The defendant Wolters commenced an action against Bullock, Whitmore, Turner et al., as mining partners doing business under the firm name of Harmonia Mining Company. In said suit a writ of attachment issued, and under it the sheriff took into his possession certain property supposed to belong to the copartnership defendants in said action. Thereupon the plaintiffs in this case, under the provisions of section 1206 of the Code of Civil Procedure, gave notice by verified statements of their claims against the defendants in that case for labor performed within sixty *401 days next before said attachment, which notice was served as provided by the statute. It was then discovered by the plaintiff therein, Wolters, as well as by the labor claimants, that the Harmonia Mining Company was a corporation, and not a partnership, and nothing further was done in that action. The labor claimants then commenced the action now before us on appeal, in which they make Wolters, the Harmonia Mining Company (a corporation), and Busch, the sheriff who levied the attachment, defendants.

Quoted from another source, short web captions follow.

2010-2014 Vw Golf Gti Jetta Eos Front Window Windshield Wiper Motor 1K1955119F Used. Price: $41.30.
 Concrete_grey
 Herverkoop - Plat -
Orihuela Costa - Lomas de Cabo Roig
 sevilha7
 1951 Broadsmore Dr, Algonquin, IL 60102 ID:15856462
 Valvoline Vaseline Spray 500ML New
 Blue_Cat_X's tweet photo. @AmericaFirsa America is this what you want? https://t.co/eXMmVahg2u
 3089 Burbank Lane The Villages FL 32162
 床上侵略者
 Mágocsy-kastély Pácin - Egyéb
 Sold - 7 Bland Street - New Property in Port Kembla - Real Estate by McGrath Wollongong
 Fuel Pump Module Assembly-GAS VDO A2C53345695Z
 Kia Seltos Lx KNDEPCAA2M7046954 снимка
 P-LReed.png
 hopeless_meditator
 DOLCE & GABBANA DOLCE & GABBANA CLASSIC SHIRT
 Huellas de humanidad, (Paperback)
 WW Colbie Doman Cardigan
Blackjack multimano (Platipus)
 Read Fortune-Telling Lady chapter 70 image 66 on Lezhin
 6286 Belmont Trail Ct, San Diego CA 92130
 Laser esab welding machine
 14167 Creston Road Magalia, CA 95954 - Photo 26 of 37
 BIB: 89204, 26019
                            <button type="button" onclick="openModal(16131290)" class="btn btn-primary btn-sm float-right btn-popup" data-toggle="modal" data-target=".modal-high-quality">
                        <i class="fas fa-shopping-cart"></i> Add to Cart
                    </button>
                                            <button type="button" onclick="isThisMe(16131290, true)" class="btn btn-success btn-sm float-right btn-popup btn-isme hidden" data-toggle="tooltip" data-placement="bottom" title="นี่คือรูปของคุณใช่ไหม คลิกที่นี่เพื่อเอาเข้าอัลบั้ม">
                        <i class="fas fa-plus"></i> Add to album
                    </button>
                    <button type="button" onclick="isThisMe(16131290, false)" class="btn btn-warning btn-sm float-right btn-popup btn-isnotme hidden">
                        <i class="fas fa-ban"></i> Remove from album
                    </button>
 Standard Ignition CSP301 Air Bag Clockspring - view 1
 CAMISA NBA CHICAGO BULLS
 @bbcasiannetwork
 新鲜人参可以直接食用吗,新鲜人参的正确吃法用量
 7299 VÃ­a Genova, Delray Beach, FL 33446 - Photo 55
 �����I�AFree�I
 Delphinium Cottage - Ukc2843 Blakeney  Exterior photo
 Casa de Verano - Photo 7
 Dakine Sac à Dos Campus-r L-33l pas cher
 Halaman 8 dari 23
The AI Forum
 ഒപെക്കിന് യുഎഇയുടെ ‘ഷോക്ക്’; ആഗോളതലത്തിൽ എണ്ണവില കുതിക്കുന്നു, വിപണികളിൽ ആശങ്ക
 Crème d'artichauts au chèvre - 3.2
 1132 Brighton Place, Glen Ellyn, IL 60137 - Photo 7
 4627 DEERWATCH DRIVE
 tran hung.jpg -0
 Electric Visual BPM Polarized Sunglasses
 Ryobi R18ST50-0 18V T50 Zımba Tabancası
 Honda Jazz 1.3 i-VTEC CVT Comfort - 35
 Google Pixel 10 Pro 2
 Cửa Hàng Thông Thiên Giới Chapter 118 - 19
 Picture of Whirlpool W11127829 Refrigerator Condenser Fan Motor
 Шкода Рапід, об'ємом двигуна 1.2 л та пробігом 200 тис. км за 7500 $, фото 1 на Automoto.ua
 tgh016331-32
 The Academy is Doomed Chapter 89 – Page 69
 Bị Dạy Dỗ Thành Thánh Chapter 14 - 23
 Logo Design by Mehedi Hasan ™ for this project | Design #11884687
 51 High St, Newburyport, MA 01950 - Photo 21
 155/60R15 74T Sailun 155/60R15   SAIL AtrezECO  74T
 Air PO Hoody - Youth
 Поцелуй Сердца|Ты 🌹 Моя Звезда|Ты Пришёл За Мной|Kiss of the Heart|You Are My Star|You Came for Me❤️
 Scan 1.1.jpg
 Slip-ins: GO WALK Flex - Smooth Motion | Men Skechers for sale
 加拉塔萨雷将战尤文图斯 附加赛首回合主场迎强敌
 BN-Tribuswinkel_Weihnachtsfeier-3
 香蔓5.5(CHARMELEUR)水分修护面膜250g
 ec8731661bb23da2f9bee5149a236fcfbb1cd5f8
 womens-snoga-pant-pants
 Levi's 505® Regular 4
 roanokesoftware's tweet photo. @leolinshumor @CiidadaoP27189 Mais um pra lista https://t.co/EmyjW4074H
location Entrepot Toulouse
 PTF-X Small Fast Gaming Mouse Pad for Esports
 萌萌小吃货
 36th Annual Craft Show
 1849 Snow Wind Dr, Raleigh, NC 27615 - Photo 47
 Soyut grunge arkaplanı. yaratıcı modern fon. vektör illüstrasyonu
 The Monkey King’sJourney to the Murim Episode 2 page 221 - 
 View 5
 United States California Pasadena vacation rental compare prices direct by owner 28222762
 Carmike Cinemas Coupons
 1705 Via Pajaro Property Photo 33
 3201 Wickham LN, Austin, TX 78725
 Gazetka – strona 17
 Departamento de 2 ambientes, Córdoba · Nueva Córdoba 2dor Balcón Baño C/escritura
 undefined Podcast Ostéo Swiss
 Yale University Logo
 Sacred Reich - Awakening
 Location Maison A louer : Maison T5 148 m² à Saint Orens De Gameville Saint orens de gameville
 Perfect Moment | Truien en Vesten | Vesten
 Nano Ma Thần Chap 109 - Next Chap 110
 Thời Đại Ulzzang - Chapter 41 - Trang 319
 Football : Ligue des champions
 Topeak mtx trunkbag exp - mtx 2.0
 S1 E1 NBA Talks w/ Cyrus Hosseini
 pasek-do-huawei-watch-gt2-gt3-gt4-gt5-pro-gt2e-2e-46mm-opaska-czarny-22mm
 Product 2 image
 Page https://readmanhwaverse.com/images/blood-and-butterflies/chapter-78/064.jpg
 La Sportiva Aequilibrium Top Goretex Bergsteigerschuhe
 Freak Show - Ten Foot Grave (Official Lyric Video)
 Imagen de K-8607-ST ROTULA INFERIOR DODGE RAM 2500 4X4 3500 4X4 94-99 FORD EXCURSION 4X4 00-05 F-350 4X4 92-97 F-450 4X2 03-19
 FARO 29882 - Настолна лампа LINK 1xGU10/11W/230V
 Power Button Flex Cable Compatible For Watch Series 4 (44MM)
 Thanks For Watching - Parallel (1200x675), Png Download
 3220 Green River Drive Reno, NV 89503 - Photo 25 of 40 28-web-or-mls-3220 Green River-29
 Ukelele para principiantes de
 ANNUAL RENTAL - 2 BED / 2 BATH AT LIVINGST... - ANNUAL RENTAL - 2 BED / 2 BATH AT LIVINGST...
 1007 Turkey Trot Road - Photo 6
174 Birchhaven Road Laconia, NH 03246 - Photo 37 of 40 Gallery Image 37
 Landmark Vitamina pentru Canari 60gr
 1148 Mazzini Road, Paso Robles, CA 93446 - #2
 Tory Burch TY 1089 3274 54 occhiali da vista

The complaint sets up the foregoing facts and avers "that the plaintiffs have no speedy or adequate remedy at law or by motion in said suit No. 1002 (the attachment suit), and that the Harmonia Mining Company (a corporation) is insolvent." It also alleges: "That these plaintiffs heretofore moved in said case, No. 1002, for an order requiring the aforesaid sheriff to sell said attached property, but that the court on the objection of said J.C. Wolters denied the motion, and that they thereafter moved in said case for permission to file a cross-complaint therein, alleging substantially the same facts as are herein alleged and bringing in said sheriff and said Harmonia Mining Company (a corporation) as new parties, but that this motion, like the other, was on the objection of said J.C. Wolters, denied."

It is also averred that unless restrained Wolters will attempt to dismiss the suit No. 1002 and attempt to release the property from attachment. The prayer of the complaint is, that Wolters be enjoined from the threatened dismissal and release; that the lien of these plaintiffs as preferred creditors under said section1206 on the attached property, be foreclosed, and said property sold to satisfy the demands of these plaintiffs, together with costs; and that plaintiffs have a deficiency judgment against the corporation, and general relief. The defendants answered, a trial was had, resulting in a judgment denying plaintiffs all relief except a money judgment against the corporation for the aggregate amount due them. Execution was issued upon this judgment and levied upon the same property taken in the attachment suit. Thereupon Wolters moved to quash the execution on the ground that the judgment is void for the reason that the demand sued on by any of the plaintiffs does not equal, but *402 is less than, three hundred dollars. This motion was granted. The plaintiffs appeal from that part of the judgment denying the foreclosure and equitable relief, and from an order denying them a new trial, and also from the order recalling and quashing the execution.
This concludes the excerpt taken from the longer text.